Friday 17 April 2009

Building a Website for a Grassroots Group

As I've been blogging about recently, I've been building a Drupal-based website for my son's school's Parent Advisory Council (PAC). As a geek, the technical nature of putting together a content management system like Drupal for a site is interesting, and I learned a lot. However, what really interested me is the social aspect of it.

You can't have a business it seems without having a website. That must mean there's value for a business to have a website. But is there value for a grassroots group to have one? If technology truly is neutral, then grassroots groups must be able to benefit from websites. (I'm not sure technology is inherently neutral, but that's another topic.)

When we started, the PAC has a static HTML website updated infrequently by a parent who knew some HTML and how to FTP files to his server. It was out-of-date, since the parent's children had moved on to high school and he was obviously not so active in the PAC. Members of the PAC did want some place to post meeting dates and minutes, and to publicize their activities, so I offered to help out.

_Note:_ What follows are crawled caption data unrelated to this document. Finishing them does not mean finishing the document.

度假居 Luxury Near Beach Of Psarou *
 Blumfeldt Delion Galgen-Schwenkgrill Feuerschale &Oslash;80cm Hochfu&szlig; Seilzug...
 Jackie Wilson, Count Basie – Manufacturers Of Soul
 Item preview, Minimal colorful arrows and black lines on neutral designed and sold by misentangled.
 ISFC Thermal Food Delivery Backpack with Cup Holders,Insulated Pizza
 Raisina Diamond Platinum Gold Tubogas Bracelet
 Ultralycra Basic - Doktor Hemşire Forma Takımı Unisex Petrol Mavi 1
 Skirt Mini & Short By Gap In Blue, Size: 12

We set up a committee with four members. I built a test site under my company's site (jadesystems.ca) and we started to work.

Right from the start a few people really took to it and started to use it in ways that I couldn't keep up with. This included translation into Chinese, especially after I enabled the translation modules in Drupal.

I also set myself up to do screencasts, and posted a number of them. It's still early, but I've got some feedback from people that they find them very useful. For grassroots groups, where you don't site face to face with people every day, I think screencasts are going to prove to be an excellent tool.

I think the main lesson I've learned so far is this: I like Drupal and it's allowed me to do a lot. However, I can't help feeling that I'm writing in assembly language for content management. What I mean is that I've had to learn too much about how the system works to get it to do what I want. We're still a long way from grassroots groups being able to set up a website without someone with technical skills.

My dream would be something analagous to blogging. You simply go to a website and create your own community site. The task is inherently more complicated than setting up a blog, so it will never be as simple, but the skill set should be relatively similar. You should be able to pick and choose based on functions the user wants (e.g. a list of upcoming events), not functions based on how the programmer delivers them (e.g. a Views module with an obtuse and fragile configuration screen that lets you cobble together a list of upcoming events if you bang your head on it long enough).

More on this later.

1 comment:

Andrew McKinlay said...

I've been thinking a lot lately on using Google Sites for some simple web sites. I guess my hope is similar to yours, that it will be as easy and "hands off" as using Blogger. Of course, it means you have to live within the limitations of what they provide, but that may be a reasonable trade off in some cases.